Driving days are never all that exciting be they in an RV or a rental car, but we are happy to report that everything went smoothly on this one. Because we were staying in a time share, we had a few extra chores emptying the garbage and stripping the beds, but the comfort of living in our own "home" more than made up for it. We had used the laundry and internet and were not sure if we would have regretted that when we got the bill, but since it was a homey atmosphere, all was included. I hate to sound like a broken record every time we go to Europe, but it is #$%^&&* expensive here. The prices would be reasonable if they were in dollars, but the Euro is worth 50% more. However, thanks to the generosity of friends and family and the fact that we had no time to go shopping, we will be getting on the plane to Rome tomorrow relatively unscathed thus far.
It also looks like our rental car will be returned tomorrow unscathed.

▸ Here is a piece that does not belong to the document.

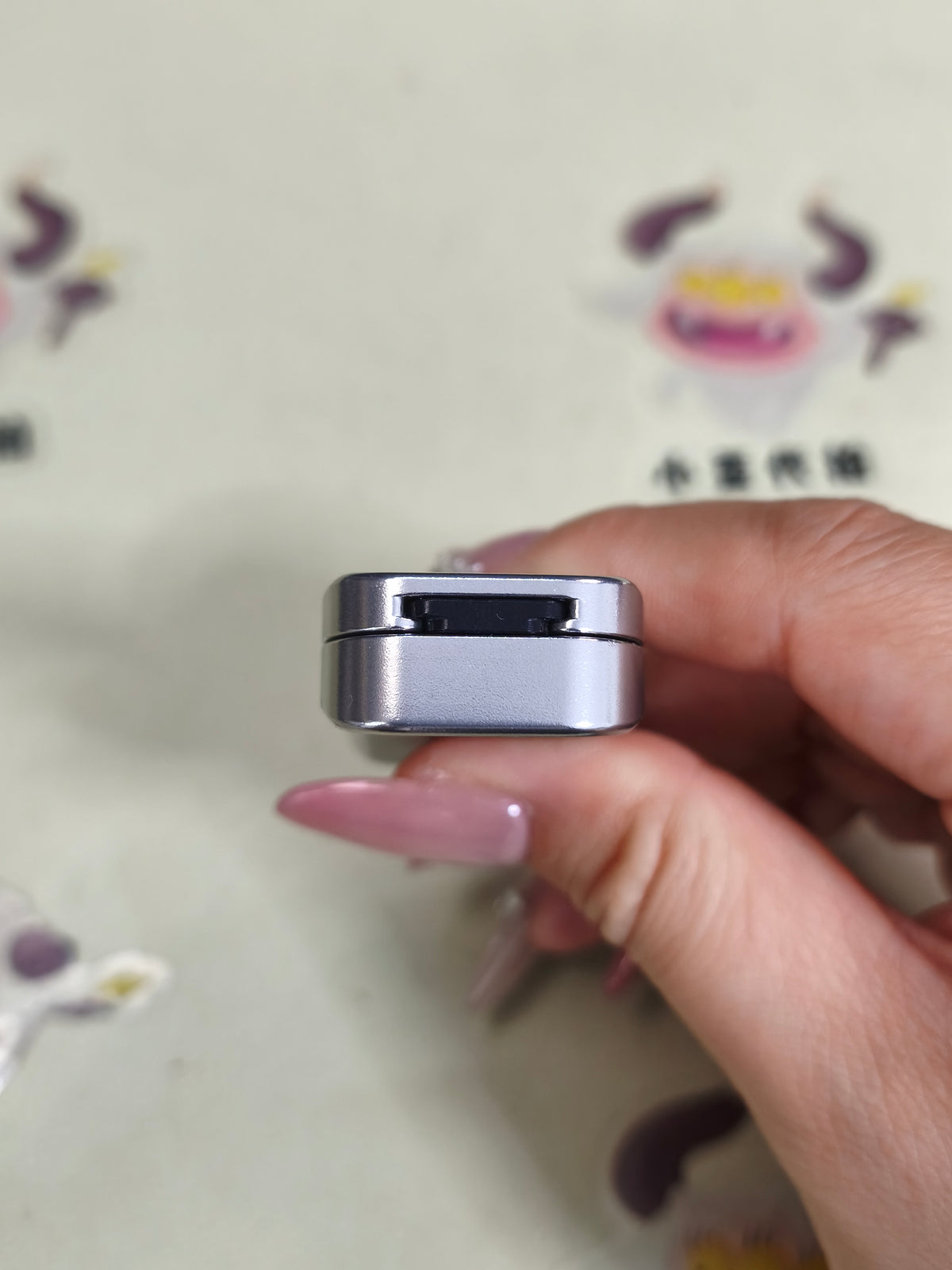 POPO Stainless Steel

Ken may marvel at my ability to pull German out of the deeply buried recesses of my mind, but when it comes to driving he's the best! It's the rare street in Vienna that's more than two blocks long. And all these short lanes intersect at angles; the street plan must have been laid out by drunken cows. Obviously the GPS was a big help, but I found I had to look two turns ahead to make sure that Ken was in the right lane at the right time for the next turn. Because the streets are so narrow, many of them are one way which the GPS handled with aplomb and left me wondering - how did we ever manage here without it? It did struggle a bit when we first came out of the underground parking garage because the tall buildings along the narrow buildings prevented a clear shot at the satellites. Most of the locals only get into their cars to drive out of town and they patronize the street cars. We shared the narrow lanes with street cars, buses, and frequent bike riders. It started to get dark at 3pm and many days were rainy so that reading the uniformly placed, but dark blue street signs was also a challenge. No wonder that many of our neighbors prefer to take tours when they travel overseas.

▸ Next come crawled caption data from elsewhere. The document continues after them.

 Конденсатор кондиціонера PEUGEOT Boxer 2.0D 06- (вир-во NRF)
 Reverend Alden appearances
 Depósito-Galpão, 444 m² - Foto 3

We had visited all the deceased members of my family in town, but my grandfather is buried about an hour outside Vienna with his great grandmother very near the expressway. Lots of tricky family details here... My aunt suggested that we stop there as well on the drive back to Munich. As she described how to get there, it was one of those drive into town, look for the church, you can't miss it descriptions. Well, we found the town and saw the church up on a hill, but couldn't figure out what road to take up there. The GPS did not know that the church existed so we were on our own. Hartmut got out of the car to ask two women on the street for help and they did their best, but we still thrashed around. The cemetery was small, and we had to do a bit of wandering to find my grandfather's grave.
My aunt had brought red commemorative candles on our last cemetery trip, but I was empty handed. A vending machine nearby sold candles of varying degrees of fanciness. Now I had a candle, but no way to light it. I went into a nearby hardware store and used my best German, saying that I was from America and had just found my grandfather's grave and wanted to honor him with the candle. Matches were instantly provided and I could finish the job I had come to Vienna to do. It was not nearly as sad to be here without my aunt, because I never knew my grandfather, and I was left with a feeling of completeness.
Time to move on. We returned to Munich and dropped off Hartmut; we are so glad that he came with us. It made the trip so much more fun and he always gives us background and perspective we would not have on our own. While we made it to our hotel near the airport tonight without his help, we had a feeling of security because he was in the back seat. When we are in Rome tomorrow, we will wish he had continued the trip with us.